Tahmin edin. % 80 mi, % 90 mı? % 2 olduğuna inanır mıydınız? Michigan Üniversitesi’nin bir araştırmasına göre, yüz yüze, hatta telefonla yapılan görüşmeler, başarılı insanları seçme şansınızı yalnızca % 2 civarında artırabiliyor. Bunun nedeni, pek çok adayın, görüşme konusunda sizden daha deneyimli olmasıdır. Ayrıca, katıldıkları görüşmelerin sayısı da rol oynuyor. İlginç olan, aday ne kadar kötüyse, görüşmeye yönelik o kadar çok pratik yapıyor. Bir başka neden de pek çok müdürün, aday hakkında karar verirken mesleki becerilerine değil, kişiliğine bakmasıdır. Bu hatayı çok yaptım. İnsanlarla telefonda konuşuyorum. Önemli bir hata yapmaksızın birkaç cümleyi bir araya getirebileceklerine kanaat getirirsem, onlarla yüz yüze görüşüyorum. Bu görüşmede, yapmalarını istediğim işler konusunda hevesli ve deneyimli görünürlerse, onları e alıyorum. Ama artık almayacağım; siz de almamalısınız. 
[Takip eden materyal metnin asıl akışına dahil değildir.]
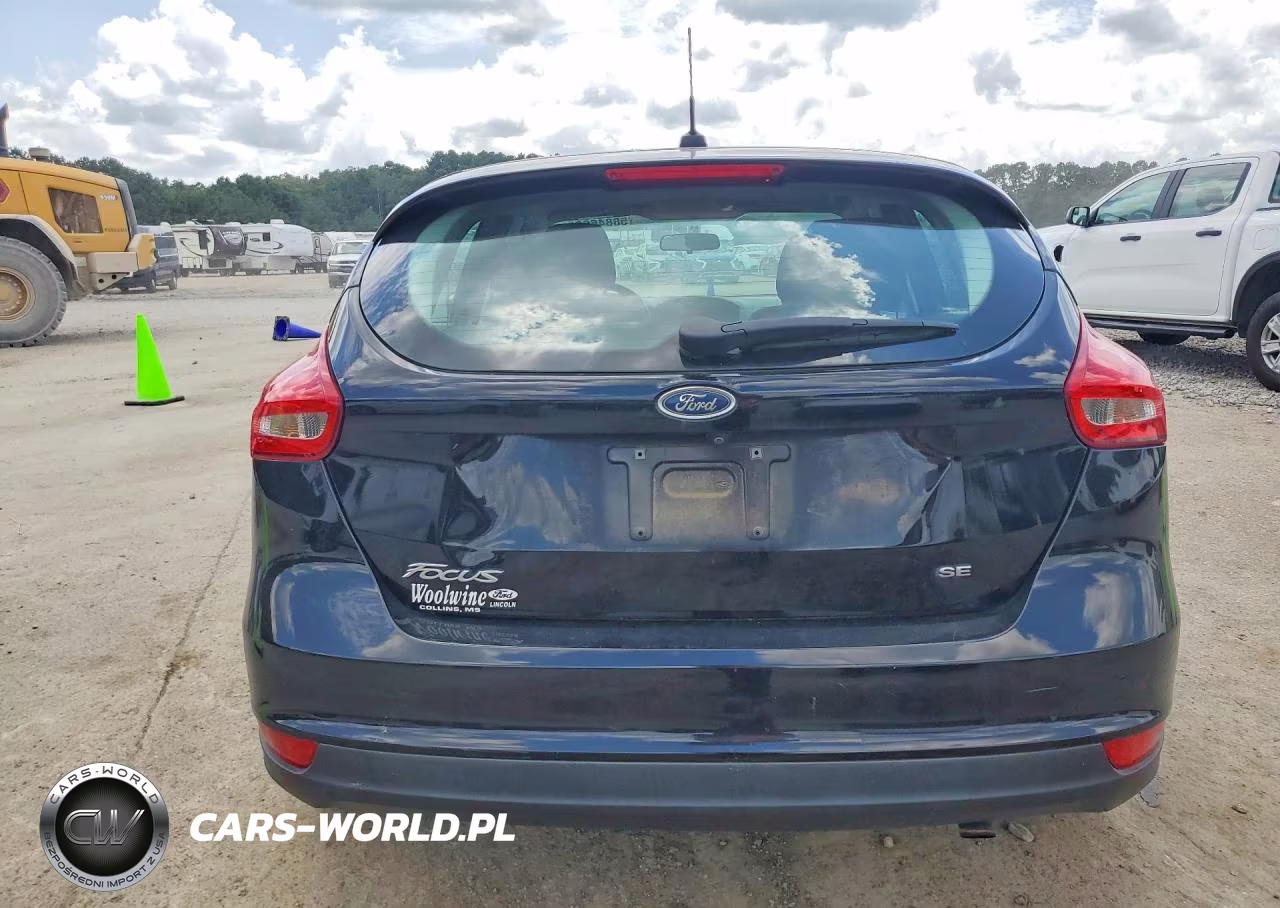 2018 Ford Focus Se VIN:1FADP3K20JL256089 - 6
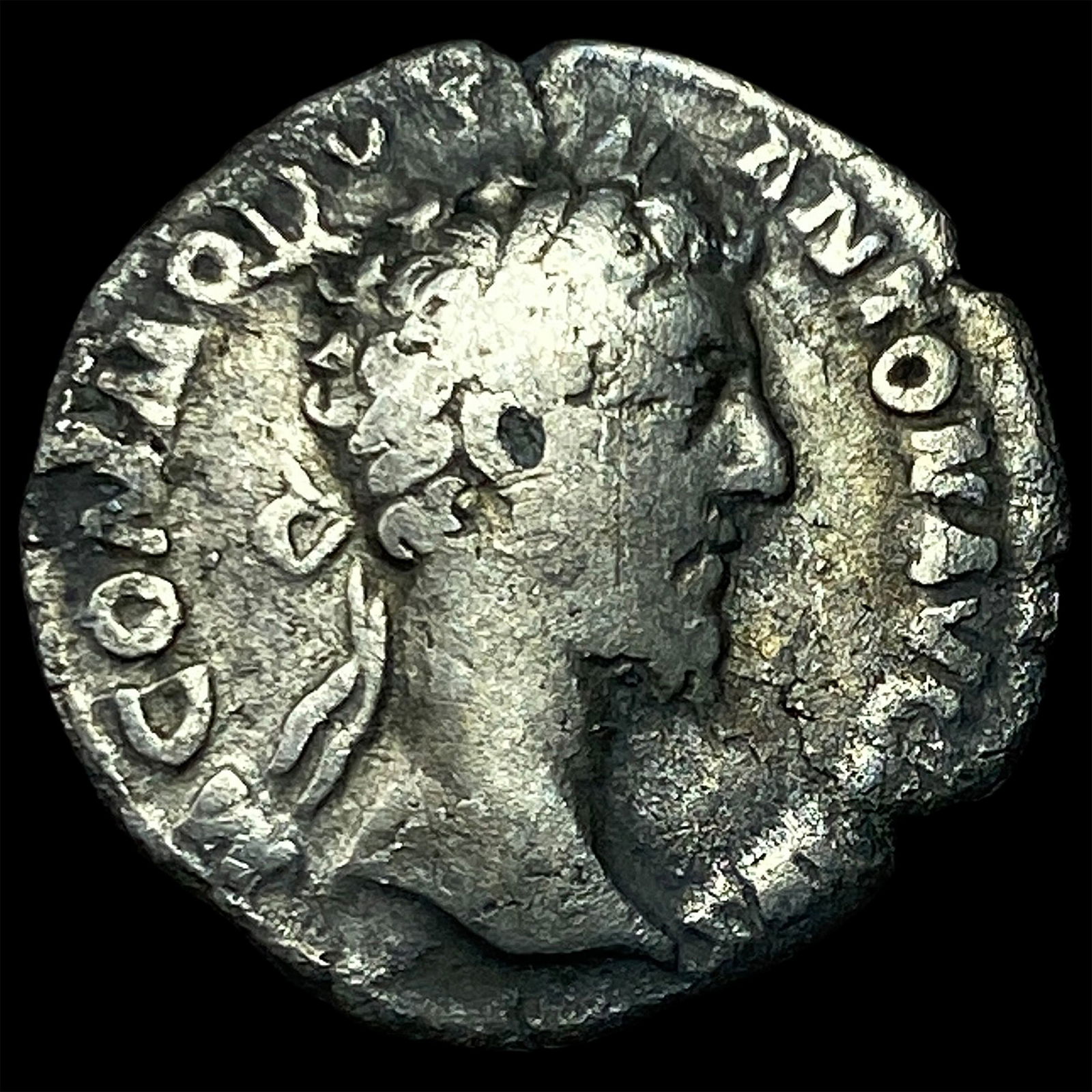 Roman Empire Commodus 180-196 AD Silver Denarius NEARLY UNCIRCULATED: Roman Empire Commodus 180-196 AD Silver Denarius NEARLY UNCIRCULATED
Önce yazılı sorular oluşturmalı ve doğru yanıtları yazmalısınız. Sonra soruları önem derecesine göre 1’den 10’a kadar derecelendirmelisiniz. Adayın yanıtlarını yazmalı ve uygunluk durumuna göre 1-10 arasında puanlandırmalısınız. Görüşmeden sonra yanıtın sayısal değeri ile puanı çarpmalısınız. En yüksek skoru alan, sınavı geçer. 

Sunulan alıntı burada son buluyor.